理想は「入りにくく、見えやすい」場所

多くの商業施設では、男性用と女性用の入り口が隣り合わせに並んでいます。しかも多くの場合、入り口には壁が設けられているため、外からは中の様子がわかりません。これは、犯罪の機会を与えやすい構造そのものです。

トイレの入り口
写真=iStock.com/photo
※写真はイメージです

かたや海外の公衆トイレに目を向けると、男女の入り口が離れていたり、建物の反対側に設けられていたりと、犯罪者に機会を与えないデザインが随所にみられるといいます(※1)

※1 小宮信夫「品川の『コンペ最優秀トイレ』は、“犯罪者の天国”だった…専門家が警告『日本のトイレが抱える構造的な欠陥』」プレジデントオンライン2025年11月13日

校内盗撮を防ぐためにも、「入りやすく、見えにくい」場所の反対、つまり「入りにくく、見えやすい」場所をつくることが基本指針となります。ここでは、校内盗撮の温床になりやすい部室や更衣室を例に考えてみましょう。

部室や更衣室は、授業や部活の前後であれば誰でも自由に出入りできます(=入りやすい)。ところが、一度部屋の中に入ってしまえば、外部からは何が起こっているか、まったくわかりません(=見えにくい)。

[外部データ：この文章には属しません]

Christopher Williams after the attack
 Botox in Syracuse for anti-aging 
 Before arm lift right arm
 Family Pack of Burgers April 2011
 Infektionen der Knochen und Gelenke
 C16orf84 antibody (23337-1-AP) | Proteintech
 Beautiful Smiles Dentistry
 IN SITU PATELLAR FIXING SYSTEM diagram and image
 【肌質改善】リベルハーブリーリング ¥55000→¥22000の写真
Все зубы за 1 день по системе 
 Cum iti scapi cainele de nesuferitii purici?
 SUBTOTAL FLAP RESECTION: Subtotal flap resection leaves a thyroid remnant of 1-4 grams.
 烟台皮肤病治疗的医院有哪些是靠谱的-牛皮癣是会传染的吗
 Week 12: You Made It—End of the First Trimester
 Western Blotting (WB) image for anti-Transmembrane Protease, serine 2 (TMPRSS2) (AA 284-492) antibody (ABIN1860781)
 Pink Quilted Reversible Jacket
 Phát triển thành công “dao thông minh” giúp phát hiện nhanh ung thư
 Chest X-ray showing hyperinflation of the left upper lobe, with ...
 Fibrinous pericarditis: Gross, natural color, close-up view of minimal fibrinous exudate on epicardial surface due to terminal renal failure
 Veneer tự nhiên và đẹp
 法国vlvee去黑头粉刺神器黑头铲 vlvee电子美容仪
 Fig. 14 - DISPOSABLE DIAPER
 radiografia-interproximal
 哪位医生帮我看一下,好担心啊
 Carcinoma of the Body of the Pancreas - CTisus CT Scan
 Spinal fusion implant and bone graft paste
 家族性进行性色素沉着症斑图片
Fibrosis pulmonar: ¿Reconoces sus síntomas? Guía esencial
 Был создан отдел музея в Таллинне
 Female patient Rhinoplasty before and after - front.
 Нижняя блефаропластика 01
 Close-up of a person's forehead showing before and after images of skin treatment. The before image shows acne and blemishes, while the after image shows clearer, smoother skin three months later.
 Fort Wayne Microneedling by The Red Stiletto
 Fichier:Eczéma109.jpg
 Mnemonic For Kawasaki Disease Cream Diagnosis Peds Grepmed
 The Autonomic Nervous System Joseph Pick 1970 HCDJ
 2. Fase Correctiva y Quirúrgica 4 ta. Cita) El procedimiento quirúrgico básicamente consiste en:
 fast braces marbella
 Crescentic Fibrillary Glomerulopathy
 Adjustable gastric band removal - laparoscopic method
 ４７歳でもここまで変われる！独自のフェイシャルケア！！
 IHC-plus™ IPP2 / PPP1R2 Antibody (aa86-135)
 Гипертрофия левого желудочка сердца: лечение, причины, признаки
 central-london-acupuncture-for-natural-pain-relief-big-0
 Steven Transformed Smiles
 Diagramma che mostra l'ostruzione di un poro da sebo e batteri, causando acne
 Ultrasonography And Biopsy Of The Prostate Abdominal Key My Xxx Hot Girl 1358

さらに、出しっぱなしにされた荷物や山積みの備品は、小型カメラを隠すための格好の死角になります(※2)

※2 平松直哉、池田暁子「プロから教わる巡回方法――あやしいものの見つけ方」『教職研修』(教育開発研究所)2025年11月号

「不審な物に注意する」だけでは防げない

盗撮を防ぐには、この「入りやすさ」と「見えにくさ」を崩すことです。利用時間を厳格に管理して、入りにくくする。室内に物を置きっぱなしにすることを禁止し、死角をなくす。

「不審な物がないか注意する」といった精神論ではなく、盗撮しにくい環境そのものをつくるのです。もちろん、犯罪機会論だけで校内盗撮を完全にゼロにできるわけではありません。しかし、「盗撮できない状況をつくる」という視点は、これまでの防犯教育には欠けていた、非常に合理的かつ実践的なものだといえるでしょう。

次に、子どもが加害者になる場合について、未然防止策を考えていきましょう。学校内における子ども同士の盗撮事件が報じられるたび、「学校でタブレットを配るのが間違いだ」といった、ICT機器の導入そのものを批判する声が上がります。しかし、それでは本質的な解決策になりません。

そもそもICT機器の導入は、文部科学省が推奨する「GIGAスクール構想」という大きな枠組みの一環です。GIGAスクール構想が始まる発端となったのが、世界各国・地域の15歳を対象としたPISA(国際学習到達度調査)の2018年調査でした(結果の発表は2019年)。

PISAは3年ごとに行われている調査で、義務教育終了段階までに学んだ知識や技能を、実生活でどの程度活用できるかを測るものです。